Obviously, the effect appealed to Kell, or he wouldn't have done it, and
clearly it appeals to others too. I wasn't particularly aware of it
when I was 9 years old, but nowadays I feel that you lose more than you
gain if you do it that way, particularly to the degree he does it.

The business of the slight distortion of oom-cha cha in the Viennese
waltz is a much more delicate affair, and except at wild moments (when
the second beat is almost part of the first), it's almost imperceptible.
A related issue is playing the string quaver movement in the Adagio of
either quintet or concerto with the quavers 'not slow' at the beginning
of the bar, and 'not fast' at the end of the bar.

Compare the unease you generate if you make the repeated viola notes in
the slow movement of the G minor Symphony 'linger' at the beginning. It
all works much better if the time is 'taken', not at the beginning, but
towards the end of the bar.

The overall length of a bar is always the same, of course; it's just
that there's a very delicate change of pace through each bar.

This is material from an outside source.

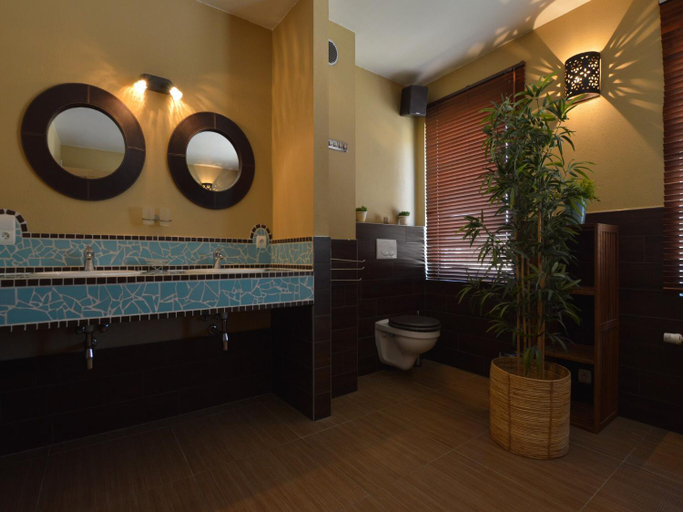 Bathroom 4, Robertville Lakeview Escape, Liège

> I am also not yet convinced that the Landler of which we are speaking
> (the 2nd trio of the minuet of K. 581) has to have this done for every
> performance; i.e., is this rubato playing a function of the player's
> personality or is it a function of the Landler itself?

I'd say the latter; but although it may be a part of the style of the
Landler, it obviously admits of degrees, as it does in the Viennese
waltz.

The three minuets (the minuet and the two trios) 'play with' the
relationship of the upbeat to the downbeat, and the nature of that play
is quite naturally one of the things you modulate. In that context,
these microchanges of beat placement have a quite objective purpose.
Their effect, when combined with changes of dynamic and tonecolour, is
to help divide the overall line into bars, to a greater or lesser
degree. So you might have done that anyway with this trio, even without
ever having heard of a Landler.

Tony
--
_________ Tony Pay
|ony:-) 79 Southmoor Rd Tony@-----.uk
| |ay Oxford OX2 6RE GMN artist: http://www.gmn.com
tel/fax 01865 553339

... Psychoceramics: The study of crackpots.